Agathe Valentin has been appointed head of sales at Pyramide International, the sales arm of Paris-based auteur film production and distribution house Pyramide Films.

Valentin arrives from Les Films du Losange where she spent eight years rising to the position of head of sales and handling prestige auteur titles such as Michael Haneke’s Oscar-winning Amour and Stranger By The Lake.

“After eight years at Films du Losange, I felt ready for a new adventure and a fresh challenge,” Valentin told ScreenDaily.

She will make her first outing in her new role at the Venice Film Festival (Sept 2-12) with two festival titles: Early Winter and Montanha.

Australian Michael Rowe’s Early Winter, starring Paul Doucet as a security guard fighting to keep his marriage afloat opposite Suzanne Clement as his wife, will premiere internationally in Venice Days.

It marks an English-language debut for Rowe whose previous features Leap Year and The Well were set in Mexico and shot in Spanish.

Portuguese director Joao Salaviza’s coming-age-of-tale Montanha  — about a young boy forced to take on family responsibilities when his grandfather falls gravely ill – will premiere in Venice Critics’ Week.

It is Salaviza’s debut feature after a series of award-winning shorts including the Palme d’Or winning Arena and Rafa, which clinched a Golden Bear in Berlin.  

Toronto titles

Pyramide International will also be out in force at the Toronto International Film Festival (TIFF) (Sept 10-20).

It will world premiere Argentine filmmaker Pablo Aguero’s Eva Doesn’t Sleep, which will then head to San Sebastian (Sept 18-26) in a competition slot.

The long-researched film explores the legacy of the at once hated and feted Peron through the 25-year search for her embalmed body, which was hidden in various locations around the world following her death.

Gael Garcia Bernal and Denis Lavant co-star as the Argentine secret service colonels charged with tracking down and disposing of her body.

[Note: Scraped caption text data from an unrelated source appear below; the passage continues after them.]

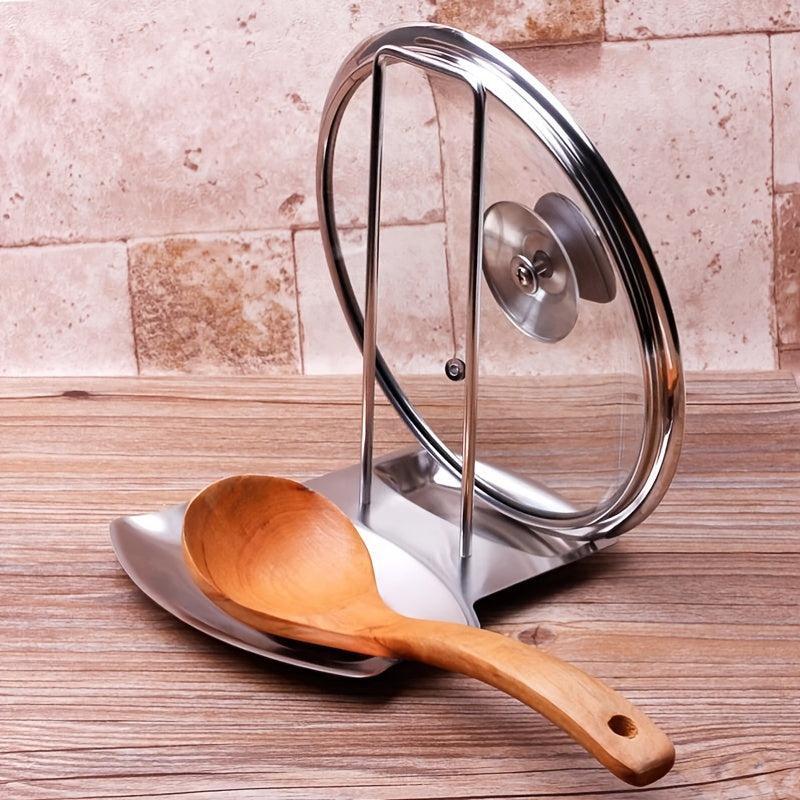 1pc Stainless Steel Pot Lid Rack Shelf with Drain Tray Bracket - Free Punching Soup Spoon Rack with Removable Shelf - Kitchen Accessories for Easy Pot Cover Storage and Drainage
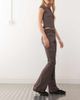 Collusion COLLUSION low rise ruched fold-over yoga pants in chocolate stripe-Brown - 4
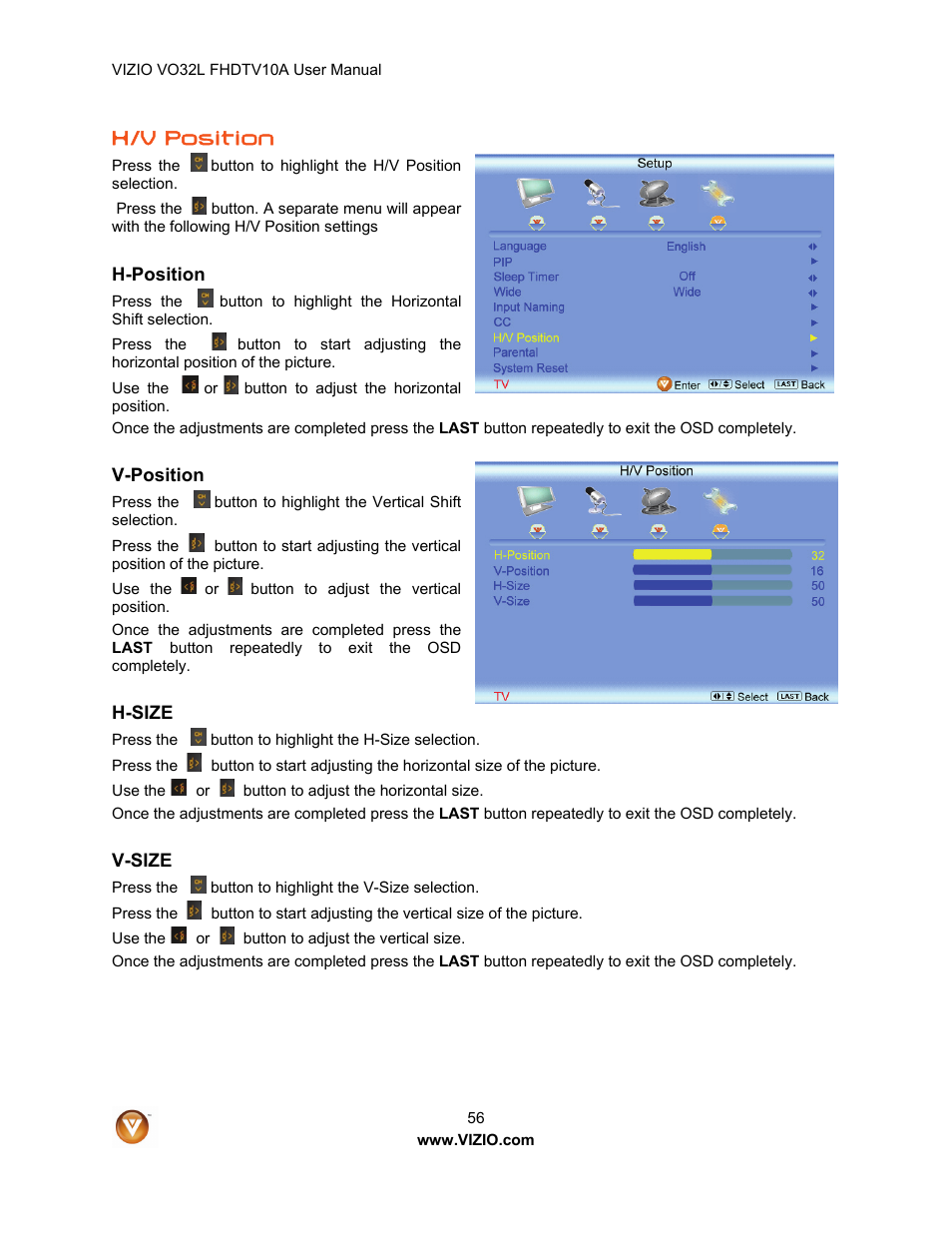 H/v position | Vizio VO32L User Manual | Page 56 / 82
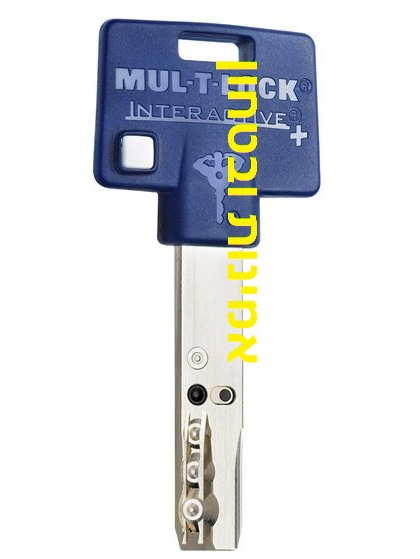 Blue lock pick tool with a silver blade on a white background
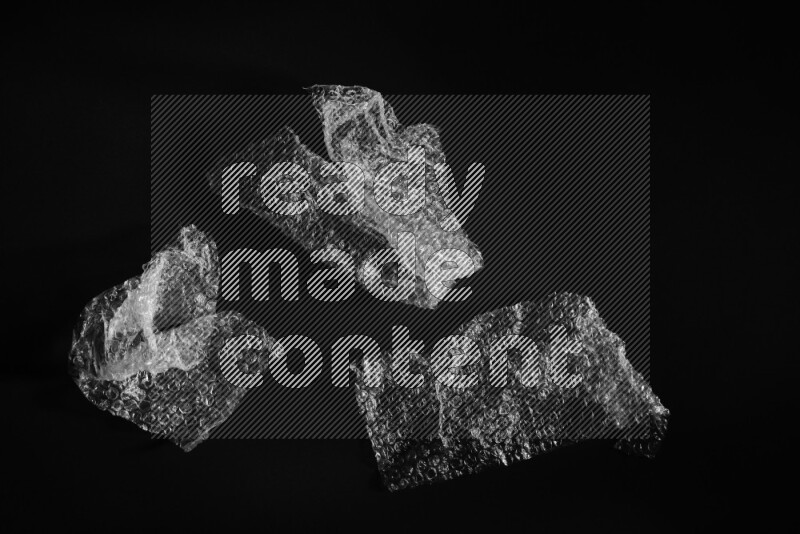 Bubble wrap texture on black background
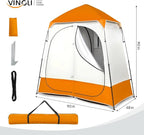 VINGLI 2 Room Shower Tent, 7.5 FT Instant Pop Up Shelter with Carrying Bag, Privacy Changing Room Tent,Perfect for Portable Toilet, Camping, Dressing, Outdoor Indoor, Easy Set Up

Pyramide will also world premiere Daniel and Emmanuel Leconte’s documentary Je Suis Charlie – L’Humour à Mort paying tribute to the cartoonists of satirical magazine Charlie Hebdo who were slaughtered in a bloody terrorist attack last January.

It follows on from the directors’ 2008 work It’s Hard Being Loved By Jerks – documenting the trial of former Charlie Hebdo editor Philippe Val on charges of defamation and incitement of hatred for printing 12 controversial cartoons depicting the Prophet Muhammad, originally published in a Danish newspaper. 

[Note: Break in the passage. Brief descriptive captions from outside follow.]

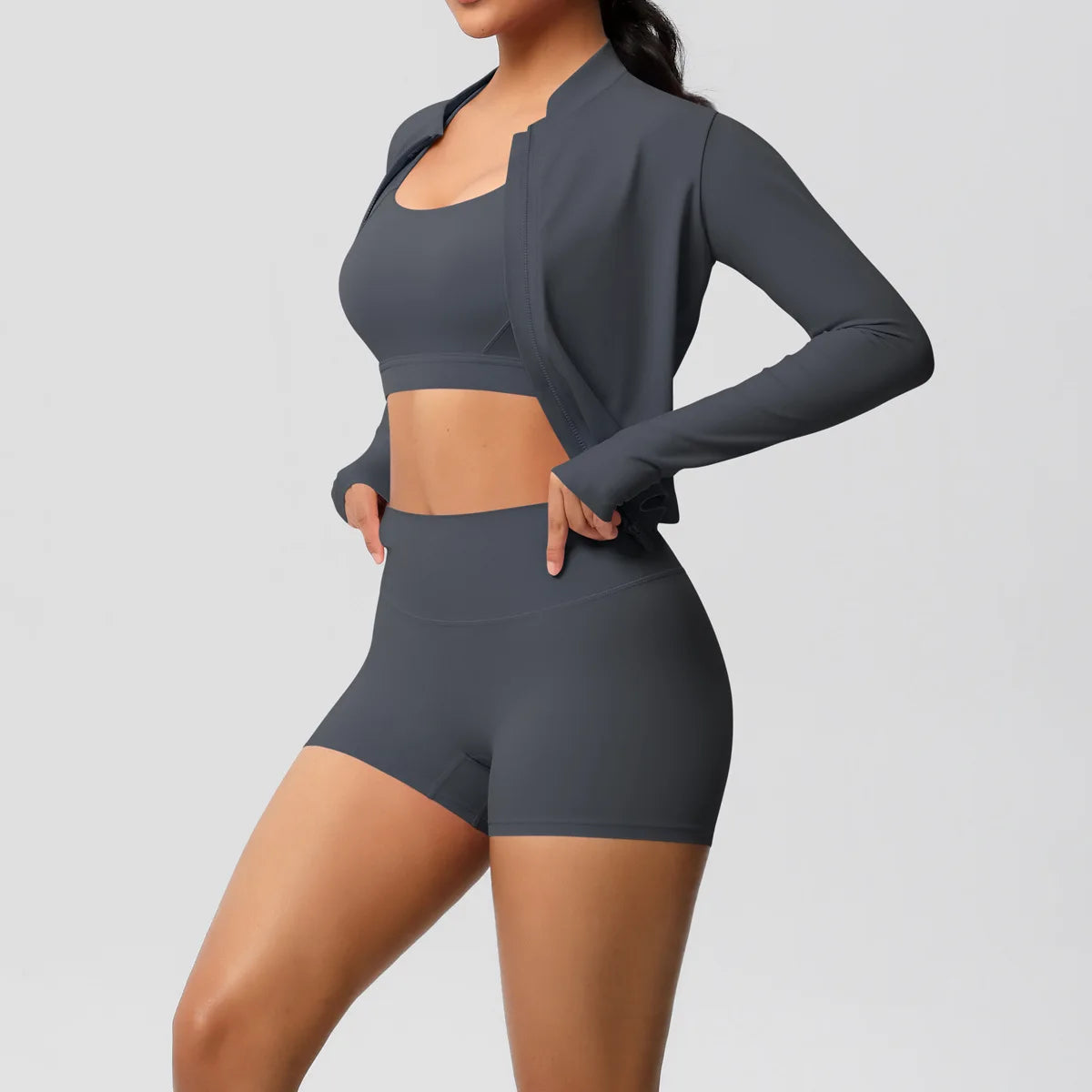 3-Piece Gym Set Breathable High Waist Fitness Suit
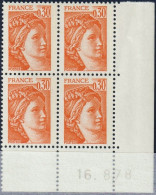 FRANCE 1968 ** MNH Type Sabine De David Bloc De 4 Coin Daté Du 16. 8.78 Août 1978 - 1970-1979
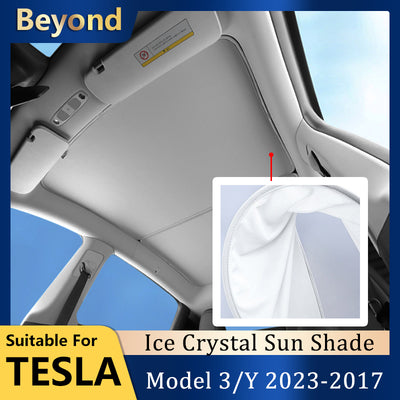 4pcs Car Top Split Sunshade Cover Heat Insulation Crystal Sunshade Cover Roof Sunshade Front Rear Sunroof Skylight for Tesla Model 3 Highland Y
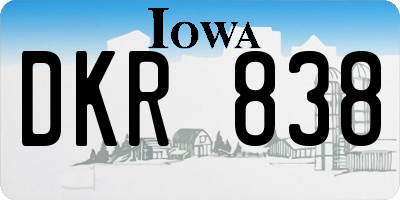IA license plate DKR838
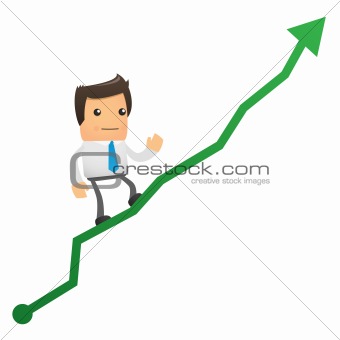 office worker climbs up chart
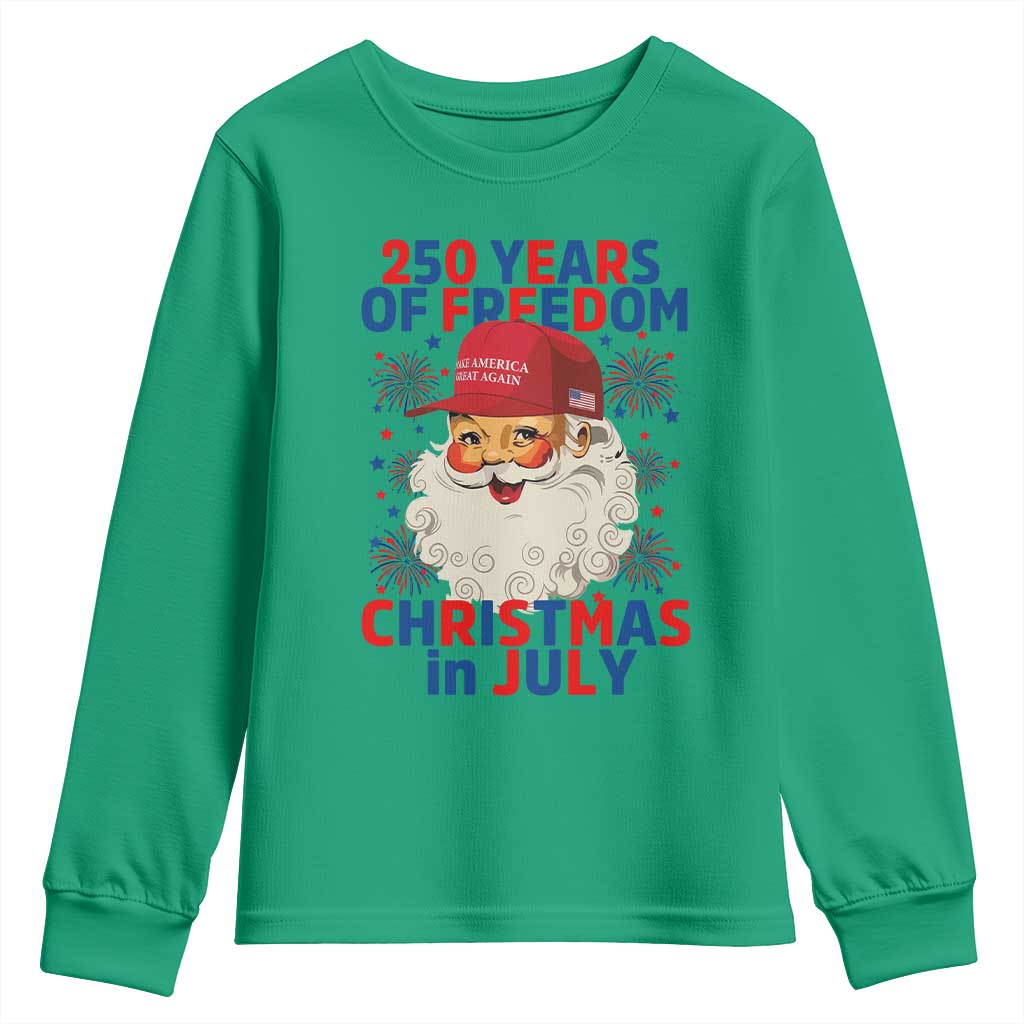 250 Years Of Freedom Youth Sweatshirt Funny Santa Christmas in July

Other TIFF titles on Pyramide’s current slate include Catherine Corsini’s Summertime, starring Izia Higelin as a young woman from a rural community who heads to Paris in the 1970s where she embarks on a passionate affair with a feisty feminist played by Cecile de France.

It will screen as a special presentation having previously premiered at Locarno earlier this month.

The company also has a few territories remaining on Patricio Guzman’s The Pearl Button, which will play in Toronto’s Masters selection.